New Orleans chooses mayor for huge recovery task

NEW ORLEANS (Reuters) - New Orleanians voted on Saturday for a mayor to lead the battered city’s huge recovery through the next hurricane season and beyond after one of America’s most closely watched civic-election campaigns.

Incumbent Ray Nagin, New Orleans’ face to the world since Hurricane Katrina ravaged the city last year, hopes residents and evacuees alike stick with his vision for rebuilding over that of his rival, Louisiana Lt. Gov. Mitch Landrieu.

With about half the precincts reporting hours after the polls closed, the election was still too close to call with Nagin and Landrieu running neck and neck.

As the world watched, Louisiana Secretary of State Al Ater said his staff would not rush the counting of ballots cast in town on Saturday or by thousands of absentees in recent weeks.

Much rides on the outcome with the hurricane season less than two weeks away, the state of the levees uncertain, many neighbourhoods still uninhabitable and more than half the pre-storm population of 470,000 scattered across the country.

Hundreds of residents displaced in Texas, Georgia and elsewhere arrived in buses or drove back to the city to vote.

Evacuees are disappointed that the candidates have offered few specifics about when they can safely return to rebuild after nine months, Thomas Wells, who helped organise 250 voters from Houston for the Industrial Areas Foundation’s Katrina Survivors Network, said at a boisterous rally at city hall.

“There is so much uncertainty, and they could have been better on the job of giving people more understanding to let people know they were fighting for them,” said Wells, 55.

Landrieu, son of New Orleans’ last white mayor, admitted many of his policies are similar to those of the outspoken Nagin, an African American.

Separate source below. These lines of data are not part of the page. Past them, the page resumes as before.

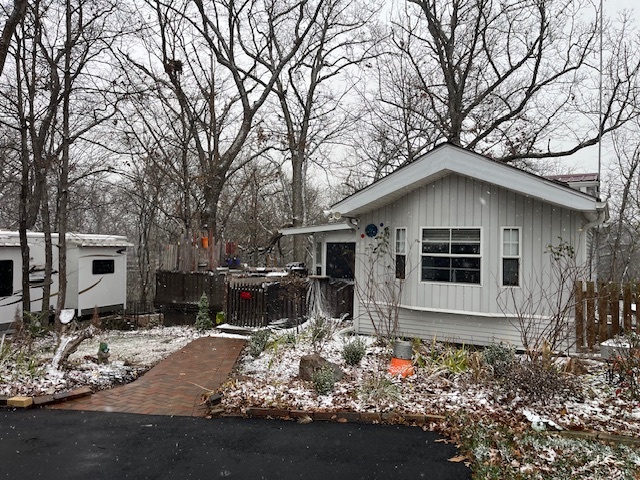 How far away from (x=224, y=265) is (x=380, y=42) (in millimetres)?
11791

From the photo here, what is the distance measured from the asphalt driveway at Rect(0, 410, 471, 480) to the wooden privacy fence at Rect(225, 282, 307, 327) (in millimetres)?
5349

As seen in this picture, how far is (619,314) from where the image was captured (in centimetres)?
730

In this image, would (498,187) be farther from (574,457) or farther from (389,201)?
(574,457)

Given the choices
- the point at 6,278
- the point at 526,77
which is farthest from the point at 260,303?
the point at 526,77

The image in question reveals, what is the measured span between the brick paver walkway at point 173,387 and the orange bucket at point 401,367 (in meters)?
2.52

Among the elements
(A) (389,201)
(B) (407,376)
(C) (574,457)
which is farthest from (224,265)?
(C) (574,457)

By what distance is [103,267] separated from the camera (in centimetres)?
1452

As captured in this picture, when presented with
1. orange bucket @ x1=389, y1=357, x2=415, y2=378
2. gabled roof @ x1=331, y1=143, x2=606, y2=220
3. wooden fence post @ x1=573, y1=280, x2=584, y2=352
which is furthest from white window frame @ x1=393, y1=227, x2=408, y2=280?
wooden fence post @ x1=573, y1=280, x2=584, y2=352

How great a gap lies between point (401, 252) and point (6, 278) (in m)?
10.2

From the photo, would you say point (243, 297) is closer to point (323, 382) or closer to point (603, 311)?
point (323, 382)

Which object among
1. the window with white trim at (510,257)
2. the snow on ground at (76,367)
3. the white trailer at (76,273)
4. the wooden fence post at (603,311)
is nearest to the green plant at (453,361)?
the window with white trim at (510,257)

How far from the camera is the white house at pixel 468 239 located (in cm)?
767

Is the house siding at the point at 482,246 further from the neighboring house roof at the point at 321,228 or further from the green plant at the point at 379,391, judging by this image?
the neighboring house roof at the point at 321,228

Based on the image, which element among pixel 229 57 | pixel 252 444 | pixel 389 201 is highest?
pixel 229 57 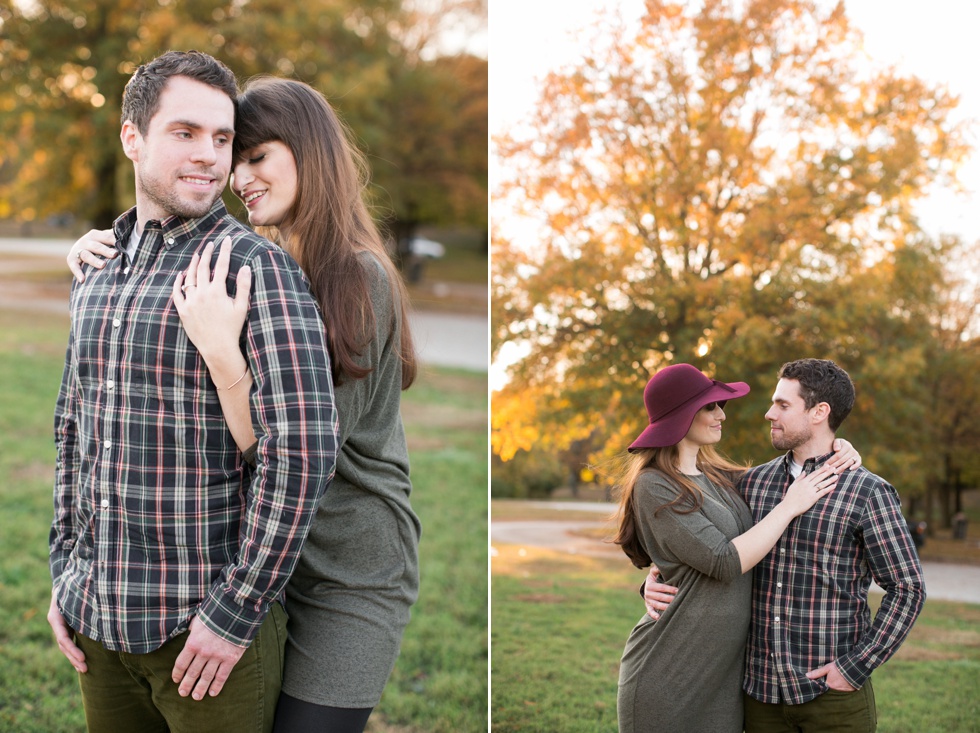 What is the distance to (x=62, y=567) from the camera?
174cm

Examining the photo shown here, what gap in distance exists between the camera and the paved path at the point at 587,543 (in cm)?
395

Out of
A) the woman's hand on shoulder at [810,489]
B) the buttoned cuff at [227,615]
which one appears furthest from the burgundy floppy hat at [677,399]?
the buttoned cuff at [227,615]

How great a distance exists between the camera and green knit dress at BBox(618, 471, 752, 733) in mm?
2131

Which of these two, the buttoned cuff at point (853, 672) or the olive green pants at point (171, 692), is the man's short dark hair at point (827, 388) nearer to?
the buttoned cuff at point (853, 672)

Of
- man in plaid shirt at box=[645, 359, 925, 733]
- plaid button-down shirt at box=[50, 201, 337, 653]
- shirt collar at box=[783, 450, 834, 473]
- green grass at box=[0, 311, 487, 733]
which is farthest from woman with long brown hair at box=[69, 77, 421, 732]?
shirt collar at box=[783, 450, 834, 473]

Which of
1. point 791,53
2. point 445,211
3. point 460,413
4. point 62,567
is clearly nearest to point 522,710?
point 62,567

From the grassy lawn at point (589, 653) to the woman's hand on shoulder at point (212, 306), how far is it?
10.3 ft

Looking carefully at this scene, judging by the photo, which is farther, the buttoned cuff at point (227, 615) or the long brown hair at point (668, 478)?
the long brown hair at point (668, 478)

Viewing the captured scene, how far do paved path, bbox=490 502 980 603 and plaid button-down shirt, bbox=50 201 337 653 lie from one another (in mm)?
2985

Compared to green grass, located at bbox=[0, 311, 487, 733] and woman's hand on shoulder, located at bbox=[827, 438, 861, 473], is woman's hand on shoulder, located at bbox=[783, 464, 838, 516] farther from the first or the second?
green grass, located at bbox=[0, 311, 487, 733]

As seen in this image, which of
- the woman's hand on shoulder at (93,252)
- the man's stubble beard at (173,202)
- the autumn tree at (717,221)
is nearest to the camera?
the man's stubble beard at (173,202)

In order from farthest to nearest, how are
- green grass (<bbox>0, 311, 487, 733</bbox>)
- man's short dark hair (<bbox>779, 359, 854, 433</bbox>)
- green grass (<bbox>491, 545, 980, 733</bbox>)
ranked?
green grass (<bbox>491, 545, 980, 733</bbox>)
green grass (<bbox>0, 311, 487, 733</bbox>)
man's short dark hair (<bbox>779, 359, 854, 433</bbox>)

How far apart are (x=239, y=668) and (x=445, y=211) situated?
17444 mm

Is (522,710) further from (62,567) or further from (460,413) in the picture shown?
(460,413) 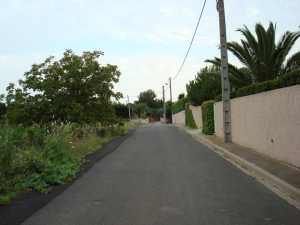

But he has touted his ability to bring together diverse interests, a skill needed to hasten the plodding recovery from the August 29 storm that killed more than 1,500 people in Louisiana alone.

Voters complained about the scant differences in the platforms of Nagin and Landrieu, both Democrats who emerged as first- and second-place finishers in the April primary out of a field of 22 candidates.

Nagin is a former cable executive who drew attention for his forceful pleas on behalf of the city in Katrina’s immediate aftermath, but was also criticized for a halting management of the emergency. He won 38 percent of the April vote, and garnered the most support from the black community.

He said he expects that blacks and conservatives who like his businesslike approach will support him, although some analysts have predicted Landrieu will get the white conservative vote.

Analysts have said the city’s changed racial makeup since Katrina could give the edge to Landrieu. The storm displaced as much as half the historic city’s black community.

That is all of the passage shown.